Appellant presents two issues for this Court's consideration:
1. Did the District Court err in failing to hold a hearing regarding appellant's request for appointment of substitute counsel, thereby denying him effective assistance of counsel?
2. Did the District Court err in failing to articulate its reasons for designating appellant as a "dangerous offender" for purposes of eligibility of parole as required by § 46-18-404, MCA?
Appellant was charged with sexual intercourse without consent on September 14, 1990. At the arraignment hearing held on September 18, 1990, attorney John Adams was appointed to represent appellant. Appellant pleaded not guilty to the charge and remained incarcerated until trial began on February 26, 1991.
After being incarcerated for approximately six weeks, on October 29, 1990, appellant wrote to the District Court Judge expressing his dissatisfaction with Adams' legal representation. In his letter, appellant complained that he had not been able to contact his court-appointed counsel to discuss the case and requested the court appoint him new counsel. On November 1, 1990, the District Court Judge directed Adams to see both the court and appellant about the matter and provided Adams with a copy of appellant's letter. No hearing was held on the matter and Adams continued as appellant's court-appointed counsel. Adams did not file any motions or a trial brief, and did not subpoena any witnesses on appellant's behalf.
Following a jury trial, appellant was found guilty of the crime charged. The court ordered a presentence investigation report and set a sentencing date of March 20, 1991.

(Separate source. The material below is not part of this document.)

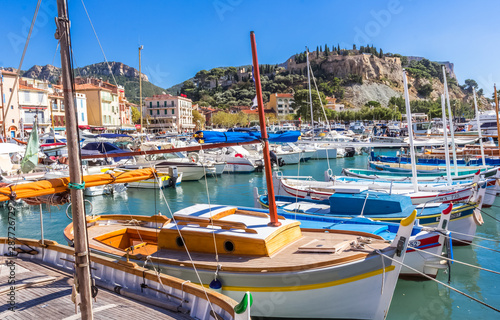 boats in harbor, Cassis, France  photo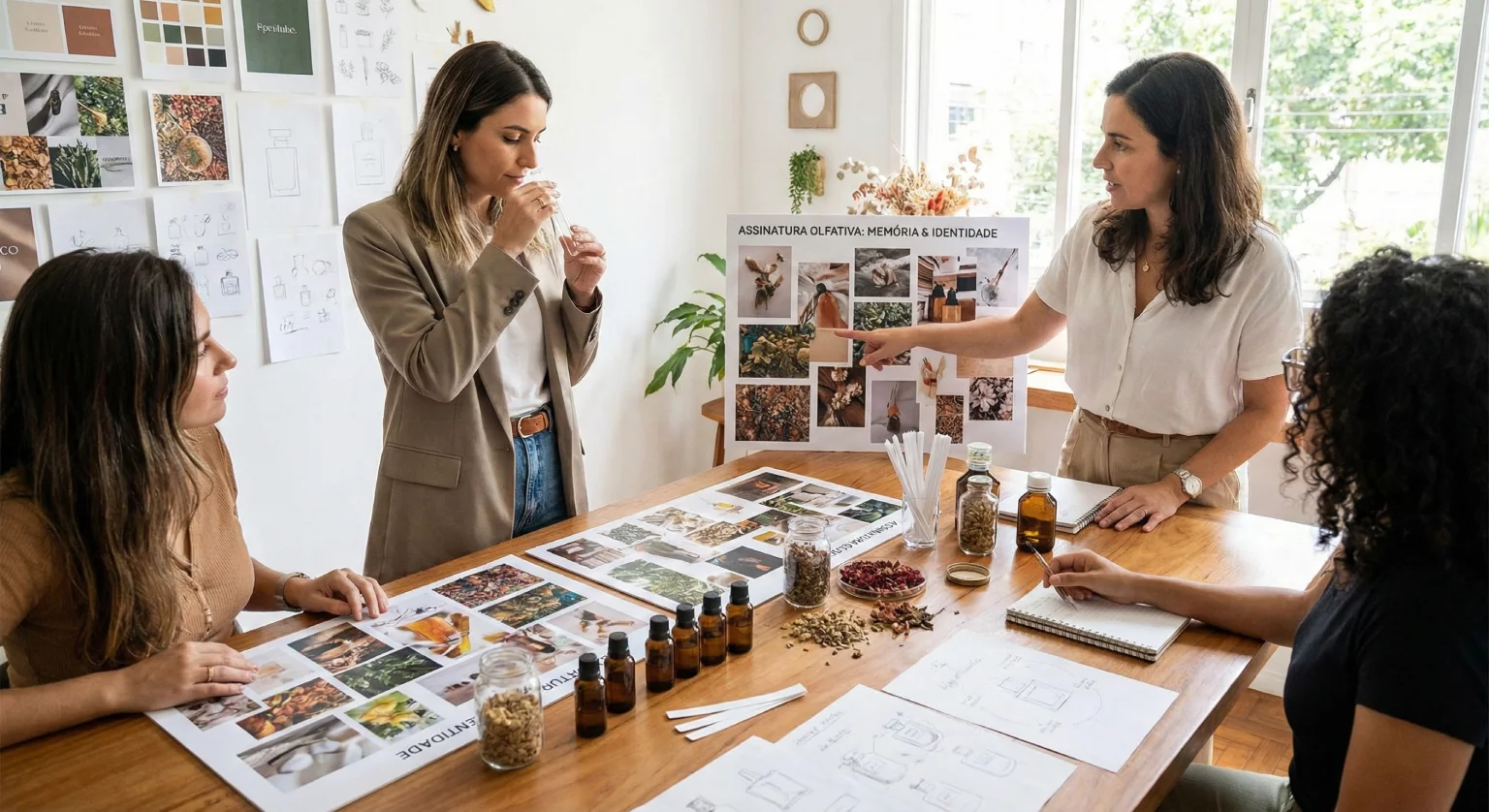 Planejamento estratégico de assinatura olfativa para marca em 2026.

On the day of sentencing, appellant made a second request for new appointment of counsel to represent him at the sentencing and on appeal. The minute entry reflects that the court denied the request and postponed sentencing until April 3, 1991.
On April 3, 1991, the court appointed Art Thompson as co-counsel and postponed sentencing until April 10, 1991.
Sentencing was held on April 10, 1991, at which time Adams asked to be relieved as counsel and that new counsel be appointed, and the request was granted. The court imposed a sentence of 20 years imprisonment, with an additional three years for use of a weapon, to be served consecutively. The court designated appellant as a dangerous offender for purposes of parole eligibility. This Court appointed counsel for the purposes of this appeal.
Did the District Court err in failing to hold a hearing regarding appellant's request for appointment of substitute counsel thereby denying him effective assistance of counsel?
[1-3] Appellant argues that the trial court's failure to hold a hearing upon his requests for appointment of new counsel warrants a reversal of the conviction. We have stated that it is within the sound discretion of the trial court to rule on the substitution of counsel and that we will not overturn a decision absent a showing of an abuse of discretion. State v. Martz (1988), 233 Mont. 136, 139, 760 P.2d 65, 67. A defendant has the right to a "meaningful client-attorney relationship" with his attorney. State v. Enright (1988), 233 Mont. 225, 229, 758 P.2d 779, 782 (quoting State v. Long (1983), 206 Mont. 40, 46, 669 P.2d 1068, 1071-72). Upon a showing of a seemingly substantial complaint about counsel, the district court should conduct a hearing to determine the validity of defendant's claim. Enright, 758 P.2d at 782. When the district court considers a motion for substitution of counsel, it must adequately inquire into the complaint of the defendant and must discover whether the conflict was so great that it resulted in a total lack of communication. Martz, 760 P.2d at 67.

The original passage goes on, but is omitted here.